Last nights session with my mother did not go as expected. I thought it was just going to be a mother-daughter bonding type thing, where she gives me ideas about campaigning. The last thing I expected when I got home was Derek Martin's mom, sipping bubbly with mother dearest. I've met Mrs Martin a few times over the years, her and mom have their house wives' clubs together, but I barely know her son Derek. He's in my year and we've been forced to go to the same parties the parents social circle hosts, other than that we barely know each other. I could count the amount of conversations we've had over the years on one hand, if you count a few sentences as a conversation.

Both women were prom queens of their schools and had a lot of orders to dole out. I say orders because they certainly didn't come over as opinions. Any input I tried to give was laughed at. There's not a doubt in my mind that if either of those ladies could posses my body not even an exorcist would release their claws. I've grown up hearing tales of mom's campaign and how she felt to win, now I know in extreme detail Derek's mom's story. Even the unwanted, vomit inducing details.

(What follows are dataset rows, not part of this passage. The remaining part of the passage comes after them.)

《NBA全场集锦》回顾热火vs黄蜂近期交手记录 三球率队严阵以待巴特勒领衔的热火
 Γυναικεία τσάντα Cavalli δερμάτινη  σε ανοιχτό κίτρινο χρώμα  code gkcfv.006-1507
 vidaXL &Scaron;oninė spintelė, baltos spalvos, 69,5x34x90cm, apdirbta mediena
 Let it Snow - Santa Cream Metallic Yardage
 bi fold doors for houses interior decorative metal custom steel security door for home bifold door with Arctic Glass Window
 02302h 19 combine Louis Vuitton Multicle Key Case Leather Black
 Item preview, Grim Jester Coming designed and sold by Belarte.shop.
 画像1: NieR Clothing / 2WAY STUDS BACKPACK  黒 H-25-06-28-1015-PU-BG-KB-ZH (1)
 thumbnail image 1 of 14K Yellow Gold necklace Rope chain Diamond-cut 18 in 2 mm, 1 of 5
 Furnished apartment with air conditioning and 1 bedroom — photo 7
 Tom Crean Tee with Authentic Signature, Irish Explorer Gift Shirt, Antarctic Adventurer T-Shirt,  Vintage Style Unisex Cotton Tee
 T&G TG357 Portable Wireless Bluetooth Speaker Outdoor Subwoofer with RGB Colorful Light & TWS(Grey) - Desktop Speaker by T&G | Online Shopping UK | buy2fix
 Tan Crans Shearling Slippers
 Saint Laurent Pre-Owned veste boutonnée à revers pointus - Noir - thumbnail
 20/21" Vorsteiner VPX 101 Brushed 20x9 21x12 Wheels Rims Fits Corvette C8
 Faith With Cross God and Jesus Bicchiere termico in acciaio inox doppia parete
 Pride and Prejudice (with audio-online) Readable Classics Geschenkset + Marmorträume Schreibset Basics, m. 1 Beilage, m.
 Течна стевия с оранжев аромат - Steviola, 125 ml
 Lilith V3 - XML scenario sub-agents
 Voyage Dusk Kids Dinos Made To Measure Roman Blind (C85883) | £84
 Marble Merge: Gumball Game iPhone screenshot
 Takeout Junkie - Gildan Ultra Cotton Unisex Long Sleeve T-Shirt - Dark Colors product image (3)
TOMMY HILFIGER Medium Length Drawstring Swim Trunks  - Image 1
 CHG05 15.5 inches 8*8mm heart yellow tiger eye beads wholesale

I'm talking under the bleachers type details that no-body wants to know about a middle-aged woman.

"Now Kyla you probably think you can win this just by being your normal popular self, after all it's just a popularity contest. You'd be dead wrong. This is about the correct calculated exposure." Mrs Martin states. The seriousness of this is conversation seems a little over the top but I bite my tongue and hold back the giggle. She's making it sound like I'm running for office.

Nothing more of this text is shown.